A cube is a named collection of measures and dimensions. The one thing the measures and dimensions have in common is the fact table. The fact table holds the columns from which measures are calculated, and contains references to the tables which hold the dimensions.

Syntax:

<Cube name="{cube name}">
    <Table name="{table name}"/>
    ...
</Cube>


The fact table is defined using the <Table> element. If the fact table is not in the default schema, you can provide an explicit schema using the "schema" attribute, for example


Syntax:

<Table schema="{schema name}" name="{table name}"/>

You can also use the <View> construct to build more complicated SQL statements. The <Join> construct is not supported for fact tables.


Measures

Each measure has a name, a column in the fact table, and an aggregator.

Syntax:

<Measure name="{measure name}" column="{column name}" 
    aggregator="{aggregator name}" datatype="{type name}" 
    formatString="{format}"/>


Example:

<Measure name="Store Sales" column="store_sales" aggregator="sum" 
    datatype="Numeric" formatString="#,###.00"/>


The aggregator are

  • sum - returns the sum value of the specified set expression.
  • count - returns the number of elements in the specified set.
  • min - returns the min. value of the specified set expression.
  • max - returns the max. value of the specified set expression.
  • avg - compute the average value over the specified set.
  • distinct-count - returns the number of unique non empty elements in the specified set. It has some limitations if your cube contains a parent-child hierarchy.

The optional datatype attribute specifies how cell values are represented in Mondrian's cache, and how they are returned via XML for Analysis.

The datatype attribute can have values

  • String
  • Integer, default value for "count" and "distinct-count" measures
  • Numeric, default value, except for "count" and "distinct-count" measures
  • Boolean
  • Date
  • Time
  • Timestamp.

An optional formatString attribute specifies how the value is to be printed. The ',' and '.' symbols are locale-sensitive.

A measure can have a caption attribute to be returned by the Member.getCaption() method instead of the name. Defining a specific caption does make sense if special letters (e.g. Σ or Π) are to be displayed:

Example:

<Measure name="Sum X" column="sum_x" aggregator="sum" caption="&#931; X"/>
Dimensions, hierarchies, levels

A member is a point within a dimension determined by a particular set of attribute values. The gender hierarchy has the two members 'M' and 'F'. 'San Francisco', 'California' and 'USA' are all members of the store hierarchy.
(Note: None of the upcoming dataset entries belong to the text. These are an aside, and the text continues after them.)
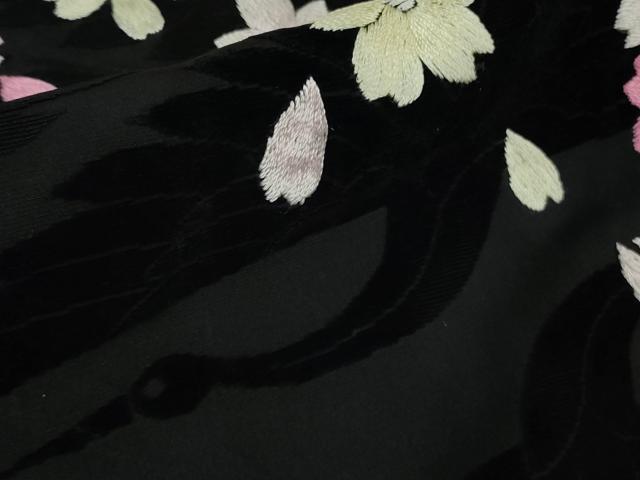 平和屋本店●極上 相良刺繍 総刺繍 お引きずり・引き振袖 結婚式 舞妓 芸妓 駒刺繍  蔓帯飛鶴 黒地 金糸 仮絵羽 逸品 未使用 DZAB8187kh6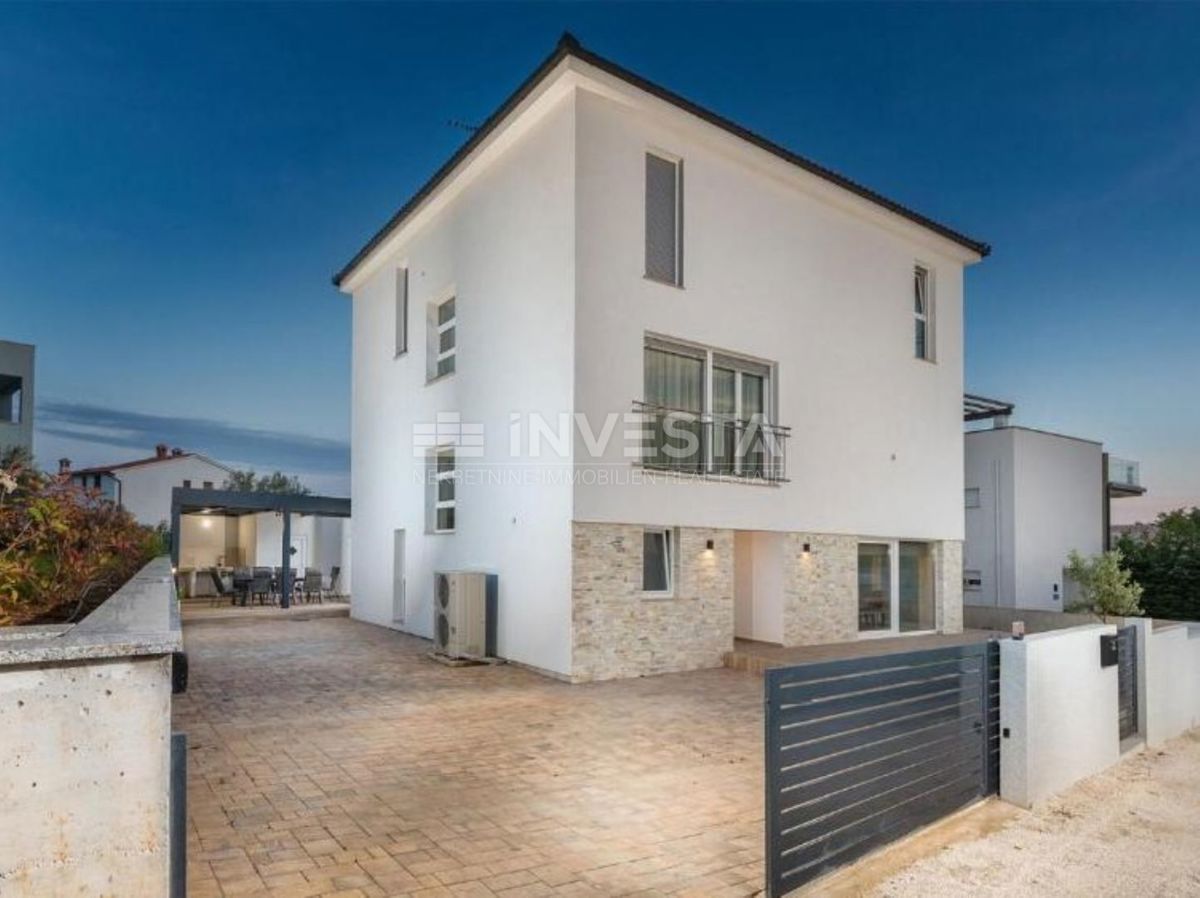 Fažana - Moderna vila 360m², pogled na morje in Brijuni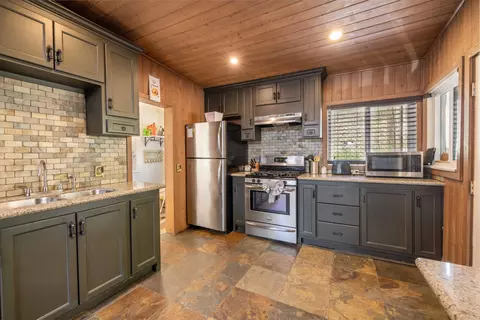 Kitchen - 43008 Monterey St, Big Bear Lake, CA 92315 photo 2 of 4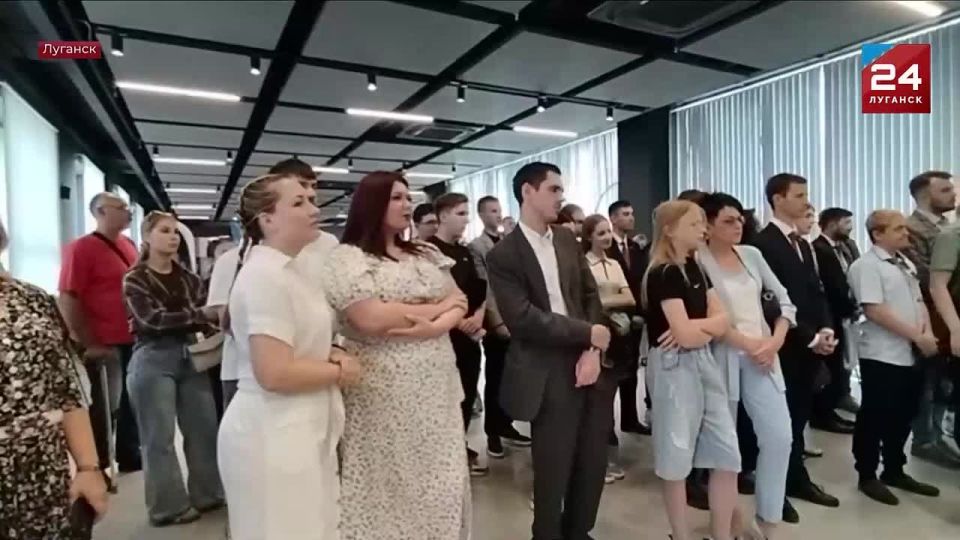 В Луганске открылась выставка памяти военкора РИА Новости Ростислава Журавлева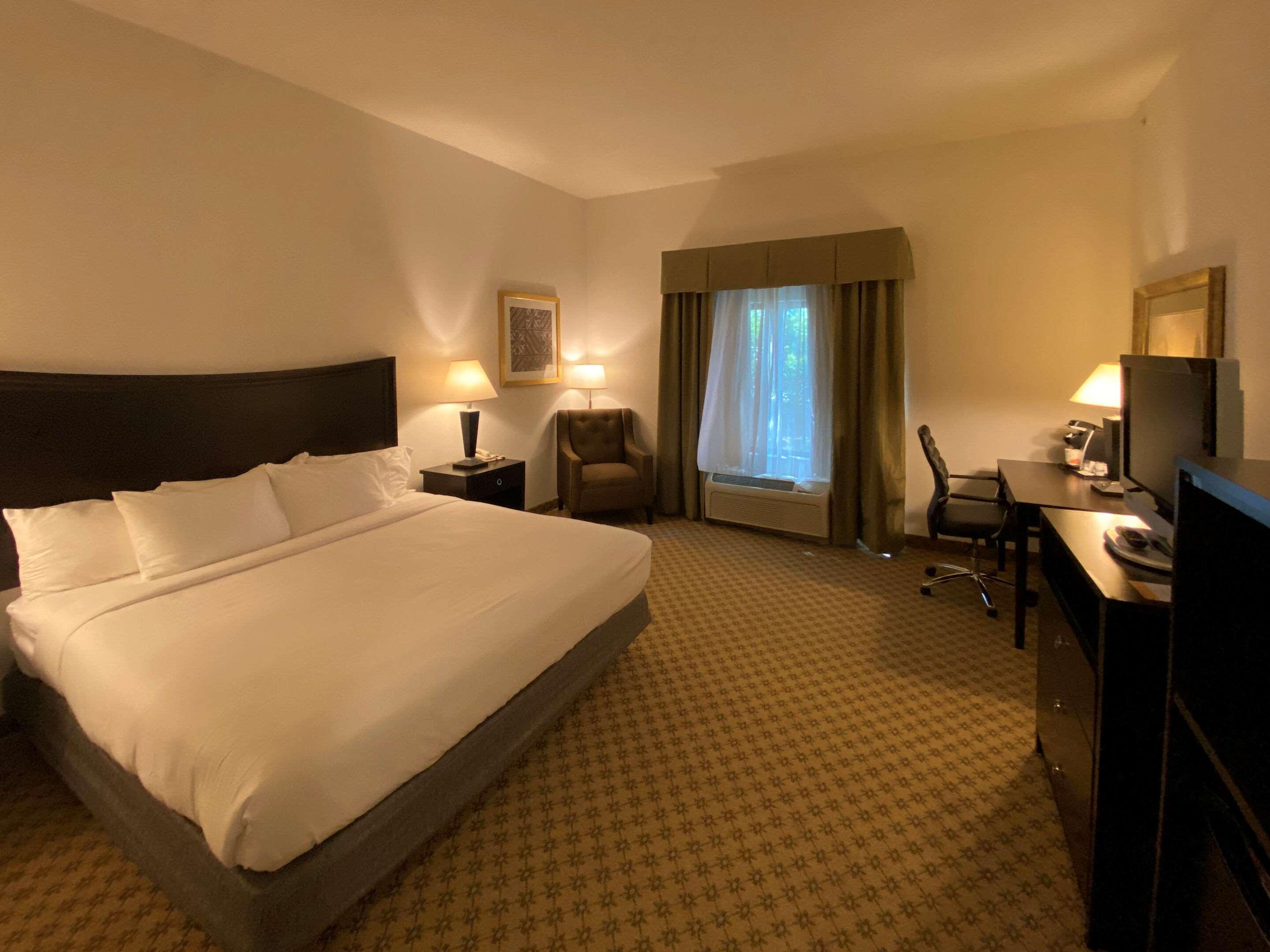 Comfort Inn & Suites Честъртаун Екстериор снимка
A hierarchy is a set of members organized into a structure for convenient analysis. For example, the store hierarchy consists of the store name, city, state, and nation. The hierarchy allows you to form intermediate sub-totals: the sub-total for a state is the sum of the sub-totals of all of the cities in that state, each of which is the sum of the sub-totals of the stores in that city.

A level is a collection of members which have the same distance from the root of the hierarchy.

A dimension is a collection of hierarchies which discriminate on the same fact table attribute (say, the day that a sale occurred).

Syntax:

<Dimension name="{dimension name}" foreignKey="{key name}">
    <Hierarchy hasAll="true" primaryKey="{key name}">
        <Table name="{table name}"/>
        <Level name="{level name}" column="{column name}" 
            uniqueMembers="true"/>
    </Hierarchy>
</Dimension>


Example:

<Dimension name="Gender" foreignKey="customer_id">
    <Hierarchy hasAll="true" primaryKey="customer_id">
         <Table name="customer"/>
         <Level name="Gender" column="gender" uniqueMembers="true"/>
    </Hierarchy>
</Dimension>

This dimension consists of a single hierarchy, which consists of a single level called Gender.

The values for the dimension come from the gender column in the customer table. The "gender" column contains two values, 'F' and 'M', so the Gender dimension contains the members [Gender].[F] and [Gender].[M].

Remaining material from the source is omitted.